O palco e o mundo


Eu, Pádua Fernandes, dei o título de meu primeiro livro a este blogue porque bem representa os temas sobre que pretendo escrever: assuntos da ordem do palco e da ordem do mundo, bem como aqueles que abrem as fronteiras e instauram a desordem entre os dois campos.
Como escreveu Murilo Mendes, de um lado temos "as ruas gritando de luzes e movimentos" e, de outro, "as colunas da ordem e da desordem"; próximas, sempre.

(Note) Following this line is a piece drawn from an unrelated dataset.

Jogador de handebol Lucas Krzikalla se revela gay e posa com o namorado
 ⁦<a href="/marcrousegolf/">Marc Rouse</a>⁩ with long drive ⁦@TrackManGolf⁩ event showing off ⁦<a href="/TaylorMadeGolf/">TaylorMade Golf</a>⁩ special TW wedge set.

sábado, 24 de setembro de 2011

30 dias de leituras: Kleist no centro da marionete

30 livros em um mês

Dia 14: Um livro antes do fim do mundo.

Imaginei esta categoria para Kleist e seu Sobre o teatro das marionetes. Foi uma de minhas experiências de vertigem com um texto. Trata-se de um conto de raciocínio, em que dialogam um primeiro bailarino que aprecia as marionetes e um narrador. Na história, tudo é muito rápido e aparentemente inevitável, das marionetes até o anunciado fim do mundo.
Li-o em bela tradução de Pedro Süssekind (ele mesmo escreveu o posfácio), em edição bilíngue que a Sette Letras lançou em 1997.
Marionetes que se movem pelo centro de gravidade são capazes de dançar melhor do que seres humanos, cujos movimentos são tomados por afetação. Tais erros viriam de o homem ter comido da árvore do conhecimento.
A referência ao Gênesis prepara o sentido escatológico do conto; no começo, já está o fim.
Alberto Pimenta tem um texto, "O meu centro de gravidade", com espírito bem diverso, mas com uma imagem comum à história de Kleist. Certa vez, quando era um jovem normal (isto é, não escrevia versos), passou mal depois de beber e teve que ser socorrido. Descobriu-se o problema: ele havia engolido o centro de gravidade do vinho e, por isso, tinha agora dois centros de gravidades, o que gerava a dialética e a composição de versos!

– Não terá ele engolido o centro de gravidade do eduardino? – bradou: – Mas por que não disseram isso logo?
Olhou para mim com ar compassivo e doce, e perguntou: - Olha, filho, já sentiste vontade de fazer?... desenhos ou versos ou assim? – Eu fiz que sim.
– Tás fodido – disse ele (na altura os médicos falavam como toda a gente) – isso agora nem com fisioterápia (na altura acentuava-se assim). Esse ardor do corpo passa-te, o pior é o outro. Eu vou-te dar umas pílulas, mas para curar mesmo precisavas de excretar (sabes o que é excretar?), precisavas de excretar o centro que engoliste. Porque agora tens dois! É essa dialéctica (tu sabes o que é dialéctica?) que te lesa a psique, que te lixa.

Publiquei esse texto no início da antologia A encomenda do silêncio, que saiu em 2004 pela Odradek Editorial.
Em Kleist, a ingestão do fruto do conhecimento gerou o efeito oposto ao do vinho de Pimenta: o homem perdeu o sentido do centro da gravidade. Toda a civilização não passa de mera afetação que impede a espontaneidade sábia dos movimentos, por isso o bailarino tem a aprender das marionetes, o espadachim não é capaz de vencer o urso.
A nota fantástica do conto torna-se mais clara quando o bailarino afirma que os bonecos são antigravitacionais. Só um deus poder-se-lhes-ia comparar – e, assim, o inanimado e o animal tocam no extremo do divino (a consciência infinita).
A consciência humana da graça a destrói. No final, anuncia-se o "último capítulo da história do mundo". O próprio autor estava próximo disso – ele se mataria no ano seguinte, em um pacto de morte com Henriette Vogel.
Foi sua forma de forçar as portas do paraíso? Ou foi simplesmente seu centro de gravidade que o levou a dançar como os deuses?